Don't whine about your past to me! The Illuminati is going to be in the lowest circle of hell! And I mean to help them along in their journey just as quickly as possible!

Woe, woe, woe to them! For they have destroyed the earth!

10-15-2005, 11:01 AM
Excuse me, Fra, Oh Mighty One, but I'm not whining to you!!!

10-15-2005, 11:10 AM
Break into my "inner circle."

Yep, that's about what you have accomplished.

"Breaking and Entering."

An unwanted INTRUDER!!!

igwt
10-15-2005, 01:31 PM
fra_nothing wrote:
Stop whinning about your plight, BA. You think you've had it rough?

You have not the slightest clue what it took for this Christian to break into your 'inner circles'.

I don't give two rat turds about the Illuminati! I want them annihilated from the face of the Earth!

If you are free, then great. But I suggest that you become a Christian. Because if you are not on His side, you will be destroyed just as every other Illuminist.

Don't whine about your past to me! The Illuminati is going to be in the lowest circle of hell! And I mean to help them along in their journey just as quickly as possible!

Woe, woe, woe to them! For they have destroyed the earth!

Which denomination do you belong to?

10-17-2005, 07:16 PM
CONTRAST!!

"Politics is not about power. Politics is not about money. Politics is not about winning for the sake of winning.
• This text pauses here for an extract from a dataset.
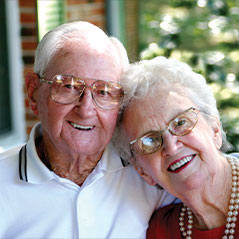 Older couple smiling at camera. Link to Life Stage Gift Planner Over Age 65 Situations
Politics is about the improvement of people's lives. It's about advancing the cause of peace and justice in our country and in our world. Politics is about doing well for people." Senator Paul Wellstone (D-MN); 1944-2002

"It is from numberless diverse acts of courage and belief that human history is shaped. Each time a man stands up for an ideal, or acts to improve the lot of others, or strikes out against injustice, he sends forth a tiny ripple of hope, and crossing each other from a million different centers of energy and daring those ripples build a current which can sweep down the mightiest walls of oppression and resistance." Robert F. Kennedy, speaking before the largest integrated audience ever assembled in Cape Town, June 6, 1966


-----------------------------------------------



"Look, our strategy is to create chaos, to create a vacuum...We will export death and violence to the four corners of the earth in defense of our great nation." President George W Bush, 2002.

"If we let our vision of the world go forth (PNAC), and we embrace it entirely, and we donít try to piece together clever diplomacy but just wage total war, our children will sing great songs about us years from now." Richard Perle, Chairman, Bush Defense Policy Board- called by Beltway insiders 'The Prince of Darkness.'

10-23-2005, 03:22 AM
!!

Just bumping!!

Sterilization in process!!

10-24-2005, 11:08 PM
I don't know
I might be wrong
but I'm singing like a bird
and it's a beautiful song

I'm singin' like a bird
and I'm flyin' oh so free
I'm singin' like a bird
and it's me
yeah, it's me

ain't nobody gonna stop me now
cause I scraped and I clawed
and I'm on top of the clouds

been down through the rabbit hole
came out the other end
went through the looking glass
with Alice and friends

spent some time with Peter Pan
went over the rainbow
in Oz Land

did some runnin' through the woods
just a wolf on my own
but I'm back in the game
and they won't own my soul

couldn't take my brain
wouldn't give them my heart
ain't never gonna part
with what belongs to me
I'm singin' like a bird
and I'm free
yes, I'm free

torchithill
10-24-2005, 11:11 PM
"Look, our strategy is to create chaos, to create a vacuum...We will export death and violence to the four corners of the earth in defense of our great nation." President George W Bush, 2002.

YES, THIS IS EXACTLY WHAT YOUR STRATEGY IS.